Marta Manowska rozpacza po zatrzymaniu przez Służbę Celną na warszawskim lotnisku (ZDJĘCIA)
Po powrocie z azjatyckich wczasów prezenterkę spotkała niemiła niespodzianka. W efekcie spędziła na lotnisku prawie 4 godziny.
Marta Manowska* szturmem wdarła się do polskiego show biznesu za sprawą programu "Rolnik szuka żony". Sukces show szybko zapewnił prezenterce nie tylko sympatię widzów, ale również względy szefostwa Telewizji Polskiej. Dlatego też stacja nieustanie powierza Marcie nowe projekty. Ostatnio możemy ją oglądać w roli prowadzącej *"Sanatorium Miłości".
Ostatnio zapracowana celebrytka postanowiła zrobić sobie małą przerwę od zawodowych obowiązków i wybrała się na rajskie wakacje do Azji. Wymarzony urlop Manowska planowała od miesięcy i nie zrezygnowała z podróży nawet w obliczu szalejącego po kontynencie groźnego koronawirusa.
Chociaż azjatyckie wczasy Marty przebiegły bez większych komplikacji, tuż po powrocie do kraju napotkała na swojej drodze problemy. Niedługo po tym, jak celebrytka opuściła pokład samolotu i odebrała bagaże, **została zatrzymana przez Służbę Celną. Sytuacja wyglądała całkiem poważnie - pracownicy służby sprawdzili dokumenty prezenterki, ta natomiast rozpoczęła wyjaśnienia, a po chwili wykonała telefon.
Całe zajście okazało się dla Manowskiej na tyle nerwowe, że w pewnym momencie zalała się łzami. Jak dowiedział się Fakt prezenterka została losowo wybrana do kontroli, która trwała ok. 4 godzin.
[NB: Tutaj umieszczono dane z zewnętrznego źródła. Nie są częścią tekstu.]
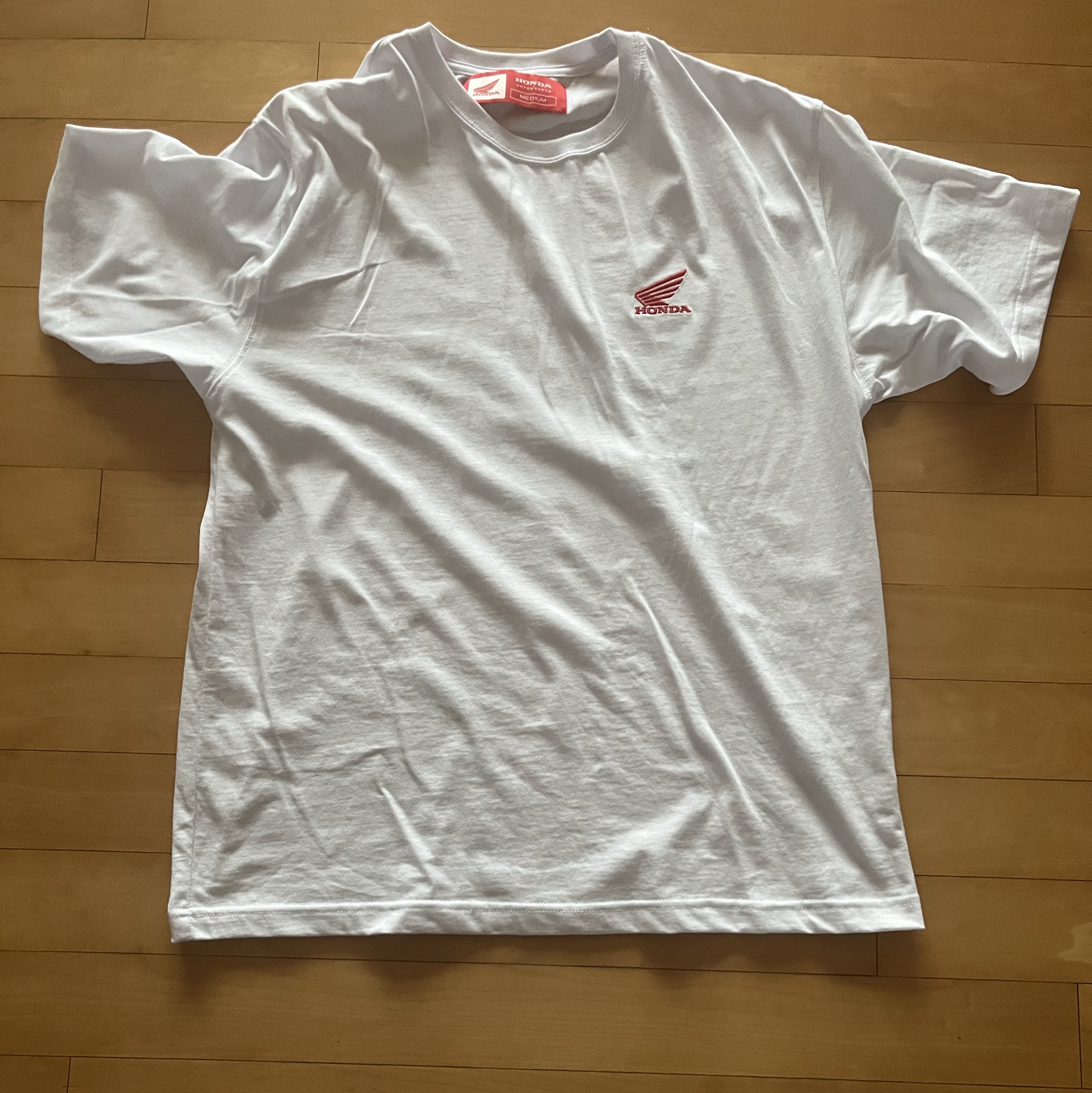 Honda 2Pack Original Wing Logo Short Sleeve White / Black 착용 스타일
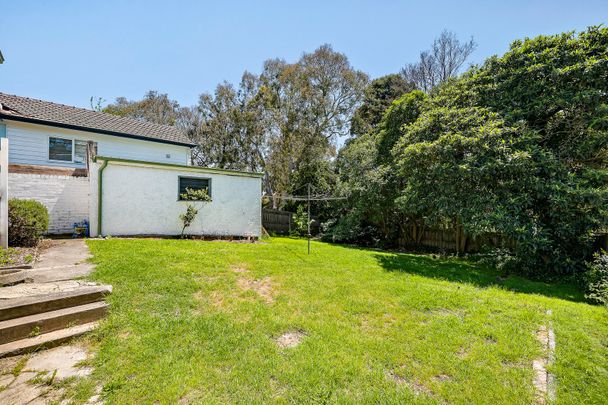 51 Spruzen Avenue, Kew East VIC 3102 - Photo 1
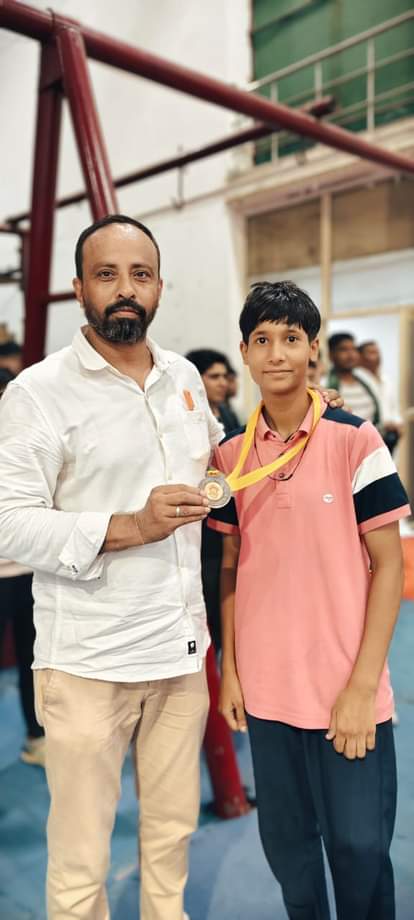 Two players won bronze medals in the state level boxing championship.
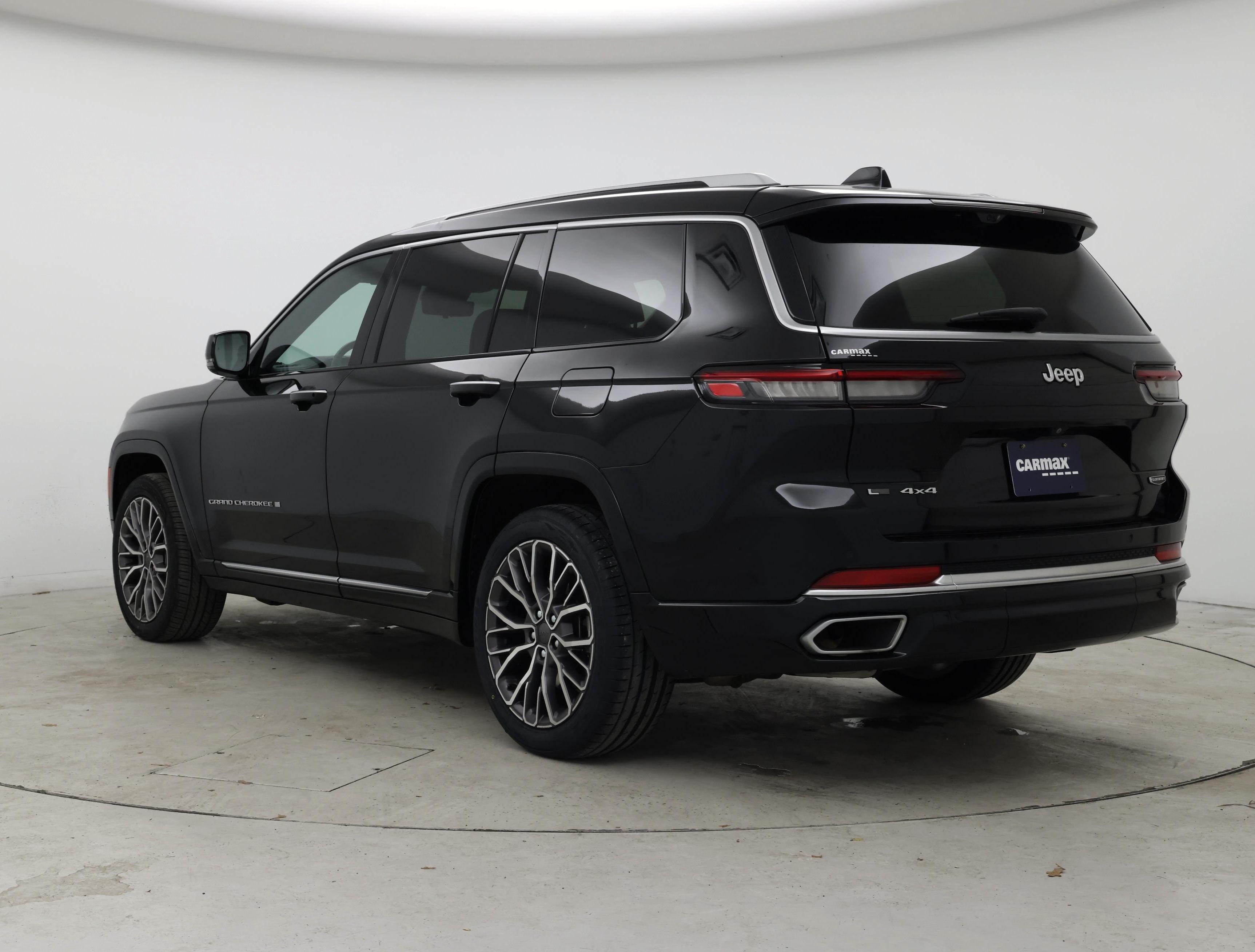 Thumbnail: 2023 Jeep Grand Cherokee L - 2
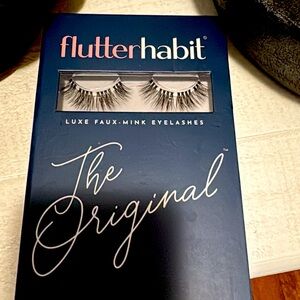 The Original Lash Is The Style That Started It All.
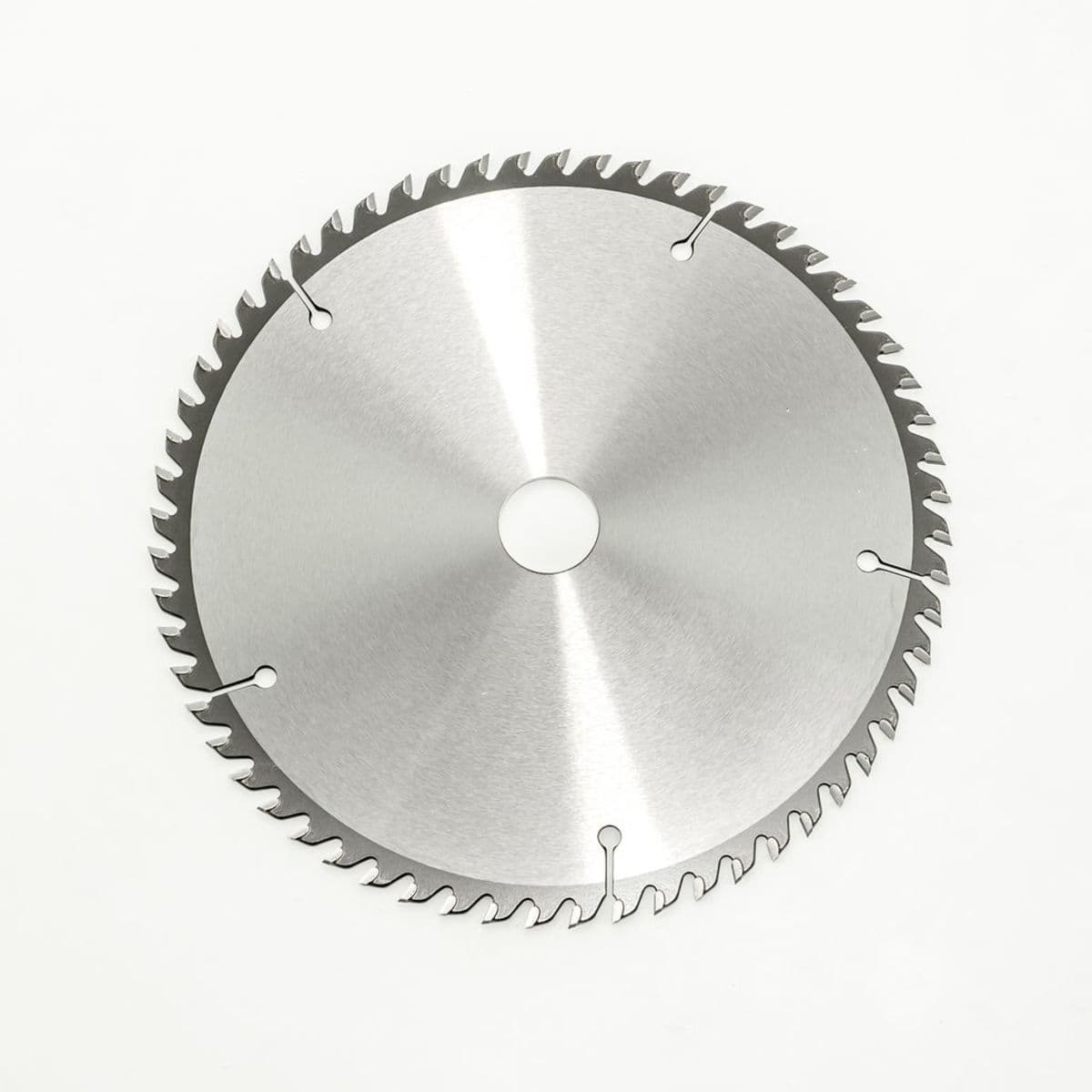 MAKITA ใบเลื่อยวงเดือนคาร์ไบด์สำหรับตัดไม้ 8 นิ้ว 60 ฟัน รุ่น A-82703 เส้นผ่านศูนย์กลาง 203 มม. หนา 2.2 มม. (มากีต้า)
Według dziennika po tym czasie Marta otrzymała od pracowników służby mandat. Następnie natomiast została odebrana z lotniska przez swojego partnera.
Jak myślicie, za co ją ukarano?
Niedawno celebrytka postanowiła nieco odpocząć od zawodowych obowiązków i wybrała się na upragnione wakacje.
Wyprawę do Azji Marta planowała ponoć od miesięcy, a do podróży nie zniechęciła jej nawet epidemia groźnego koronawirusa. Na szczęście prezenterka wyposażyła się w ochronną maseczkę.
Tuż po opuszczeniu pokładu samolotu Manowska niespodziewanie została zatrzymana przez Służbę Celną.
Jak udało się dowiedzieć Faktowi prezenterka została losowo wybrana do kontroli.
Manowska spędziła na lotnisku około 4 godzin. Cała sytuacja była dla niej na tyle stresująca, że w pewnym momencie zalała się łzami.
Kontrola z pewnością nie stanowiła najmilszego zakończenia urlopu zapracowanej prezenterki.
Jak ustalił Fakt w wyniku kontroli prezenterka otrzymała mandat.
Po stresującym zdarzeniu z warszawskiego Okęcia celebrytkę odebrał partner. Domyślacie się, co przeskrobała?